А тетя Рема, в свои натруженные 83-84 года, за всю свою жертвенную заботу о ближних, не заслужила даже отдельной, личной комнаты в своем собственном доме. На чем держится этот усталый и больной организм? Что двигает этими распухшими больными ногами? Откуда берутся силы до сих пор вести домашнее хозяйство и смотреть за малыми внуками? Только любовь, большая, истинная человеческая любовь к этим людям. И будет очень жаль, если в один прекрасный момент, эта любовь превратится в ненависть. В ненависть за не случившееся счастье, за эксплуатацию ее жертвенности и любви, за неспокойную и неуютную старость. А пока ее все называют «Мать Тереза». Да благослови ее Господь! Да храни ее Господь! Да люби ее Господь, за всех, кто должен был любить ее!

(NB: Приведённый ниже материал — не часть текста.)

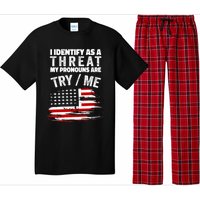 I Identify As A Threat My Pronouns Are Try / Me Funny Pajama Set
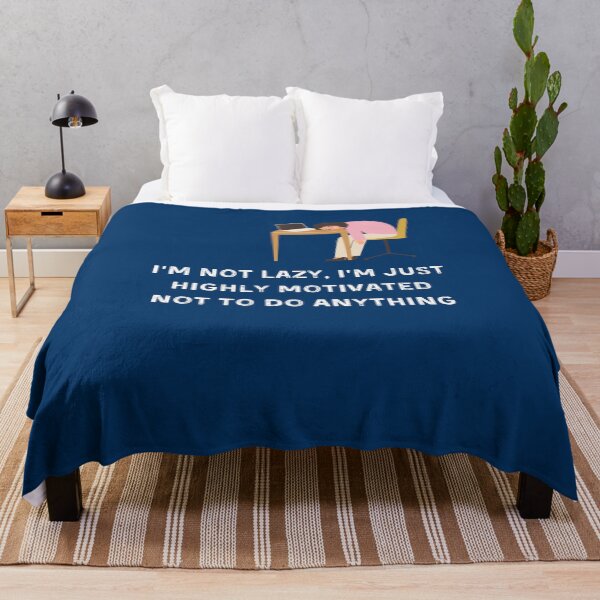 Item preview, Copy of I’m Not Lazy I’m Just Highly Motivated Not To Do Anything designed and sold by ArtByKattie.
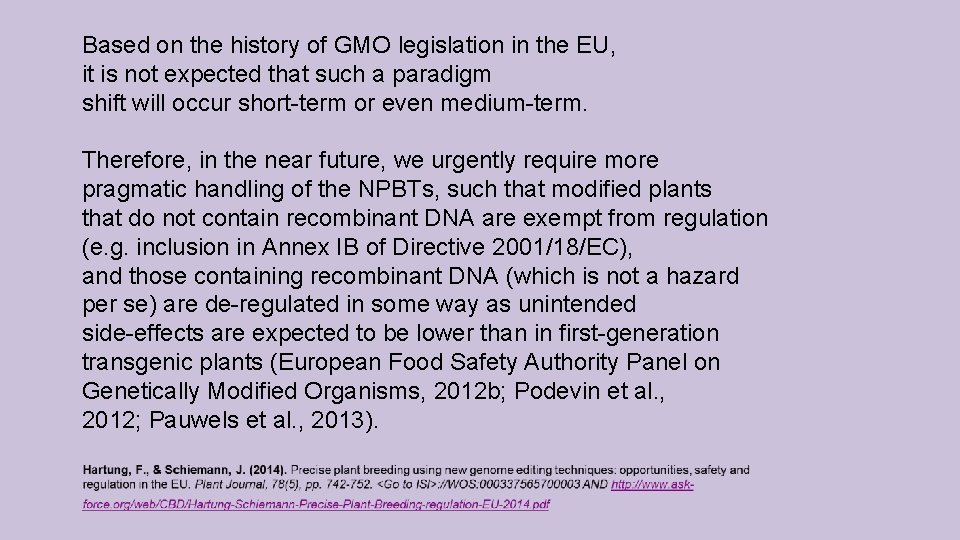 Based on the history of GMO legislation in the EU, it is not expected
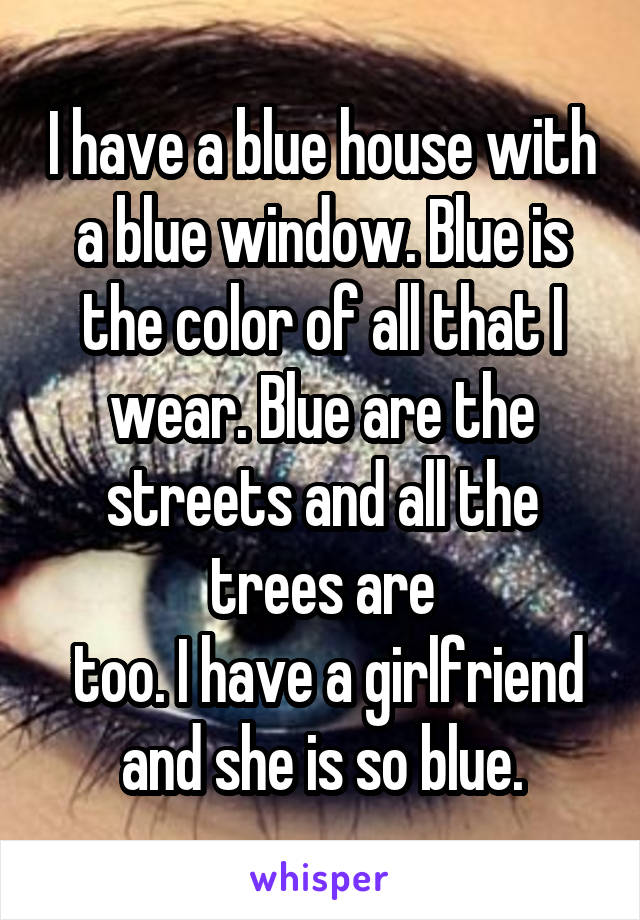 I have a blue house with a blue window. Blue is the color of all that I wear. Blue are the streets and all the trees are
 too. I have a girlfriend and she is so blue.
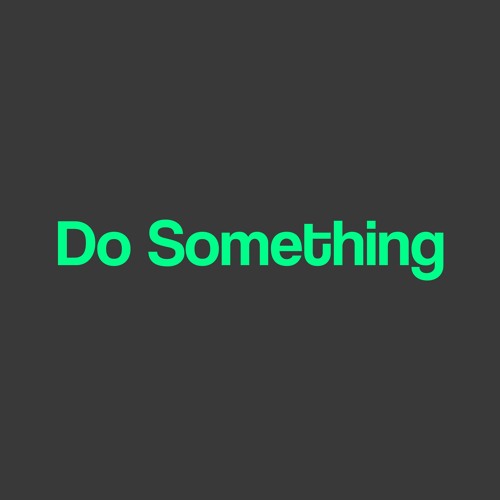 Do Something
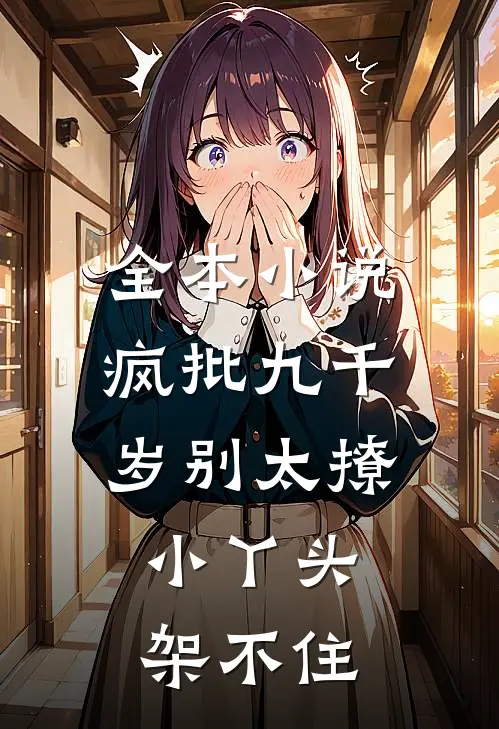 全本小说疯批九千岁别太撩，小丫头架不住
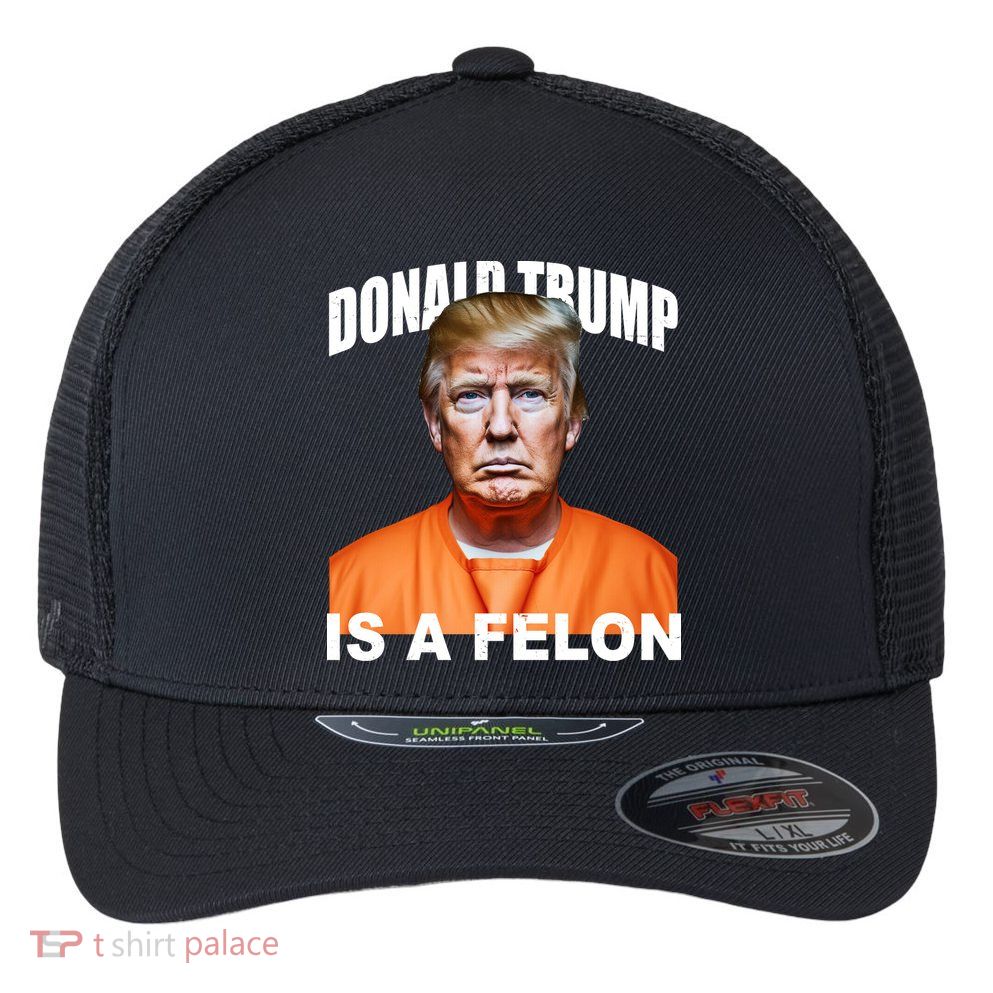 Donald Trump Is A Felon Flexfit Unipanel Trucker Cap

Сын дедушки Ильи и бабушки Гиты – брат моей мамы и тети Ремы, то есть мой дядя Боря – тоже не из ленивых. Кажется, он во времена моего детства работал на железной дороге. Усталый и грязный приходил вечером домой, подставлял мне свои натруженные и почти черные от угля руки… А я гордая, что мне доверили эту важную процедуру, набирала до краев большую железную кружку воды и поливаю на них. Мы радостно переглядываемся и улыбаемся друг другу. В то время он называл меня Королевой… А я очень гордилась дядей Борей. Мне казалось, он выполняет очень важную и трудную работу. Дедушка Илья тоже гордился своим сыном. Но когда он привозил уголь и выгружал его за большими воротами во дворе, дедушка, будучи безупречно честным человеком, просил показать квитанцию на приобретение этого угля. Он, конечно же, верил, что уголь не украден, а приобретен законным путем. Но проверить дядю Борю не помешает.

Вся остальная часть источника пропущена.